We consider fieldwork an essential part of your undergraduate training, and through it we encourage you to integrate theory and practice and help you to develop observation, monitoring and analytical skills. The field situation, away from the cosy comforts of the classroom or library, is the perfect place to test team-working and negotiation skills and to develop confidence in problem-solving activities.
The emphasis early in Year 1 is on using the local (City of Chester) and regional (NW England) human and physical environments, while in Years 2 and 3 we offer opportunities to travel further afield to work in social and environmental settings that are very different to those of the UK. Whether you end up studying in a 'Fair Trade' coffee plantation on the side of a volcano in Costa Rica, measuring the rate of retreat of a glacier in Norway or conducting a survey of crime perception and reality within the city of Chester, our overarching aim is to instill in you a fascination for natural and/or human environments - and an understanding of the social, political, economic and natural processes that have made them as they are and shape their future.
Opportunities in Year 1
The urban and rural environments in and around Chester provide a distinctive ‘laboratory' for group and individual fieldwork projects. Examples include studying pollution and microclimate in the city centre, investigations at the slave trade museum in Liverpool and analysing industrial change and regeneration on Deeside. Single Honours Geography students and Combined Honours Natural Hazard Management Students enjoy a weeklong residential fieldtrip to South Devon, while Combined Honours Geography students spend four days at the Centre for Alternative Technology in mid-Wales. By way of introduction to the challenges of asylum and refuge the International Development Studies students spend several days researching Black Ethnic Minority (BEM) community groups in Liverpool.
Opportunities in Year 2
We continue to make full use of the distinctive opportunities for fieldwork in NW England and N Wales, but from Easter onwards also present the opportunity to take on more diverse challenges as an integral part of your degree. A distinctive feature of degree work at Chester, and one that is rated very highly by employers, is the requirement for you to complete an experiential (work-based) learning module during the summer term of your second year. This not only counts as one module towards your degree, but also provides a vocational element to your CV and reference when you graduate.
Students elect to do their six-week placements in many different ways. Some negotiate their own placements (e.g. working as a classroom assistant in a local school, or as a field technician for an environment consultancy or local council), while others ask the University to arrange a placement for them through its extensive network of employer links. Around 10-15 students each year join our both of our fieldtrips to Spain and New York which counts as an experiential learning module, or travel further afield to developing countries to work for one of a number of development organisations with which the University has close links.

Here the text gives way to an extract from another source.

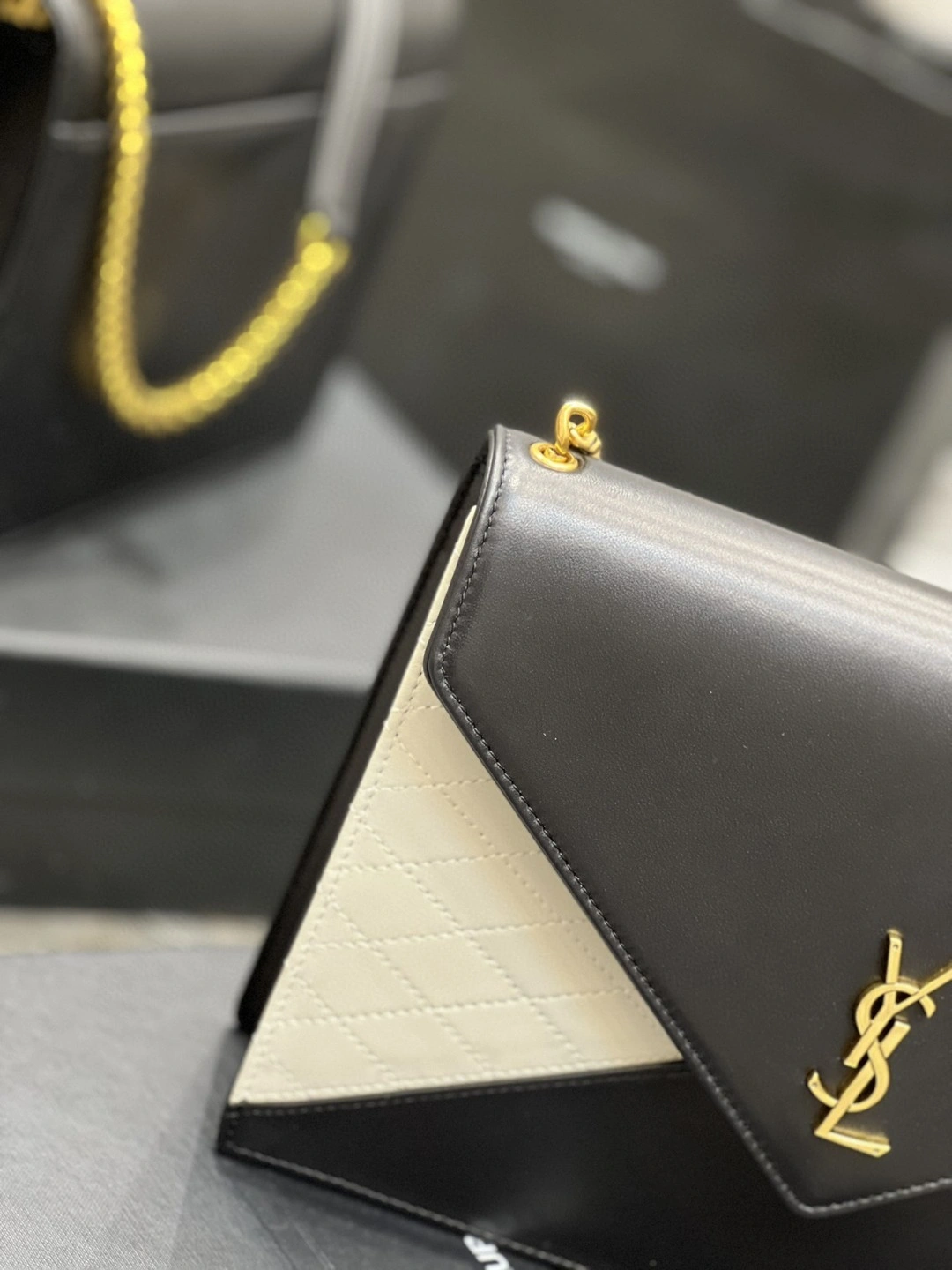 MOMO- 668864-AAAAN-1031 Lambskin item : B-B597E1413W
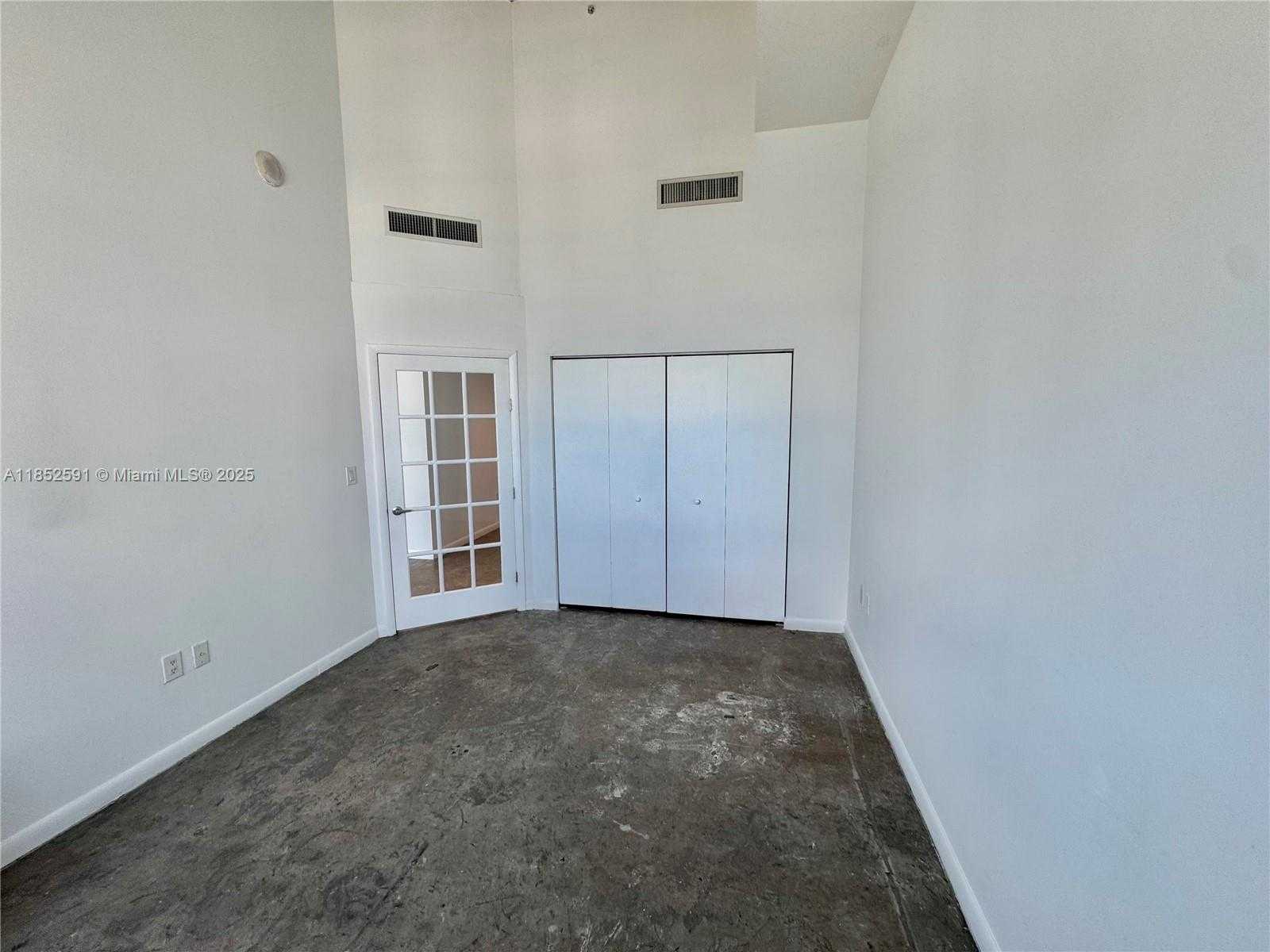 Small Image of 133 NORTH EAST 2 AV #3612, Miami Number 7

Finally, during the summer vacation between Years 2 and 3 the department runs an expedition to Norway. This optional two-week trip is aimed at students seeking to collect data for a final year dissertation on a glacial/climate change/cold region hazards topic.
Opportunities in Year 3
In Year 3 our Natural Hazard Management students spend a field week studying geophysical hazards (earthquake, volcano) around Vesuvius and the Bay of Naples, while the International Development Studies students benefit from a unique opportunity to spend four days in Geneva at the Offices of the United Nations. All other fieldwork in Year 3 is linked to the optional specialist modules that make up the different degree programmes, including dissertation project work. Some modules and dissertation projects have a heavy field orientation, others have far less - so the amount of fieldwork that you do depends on your interests and, probably, what you plan to do when you graduate. We give you help and guidance in making these selections mid-way through Year 2.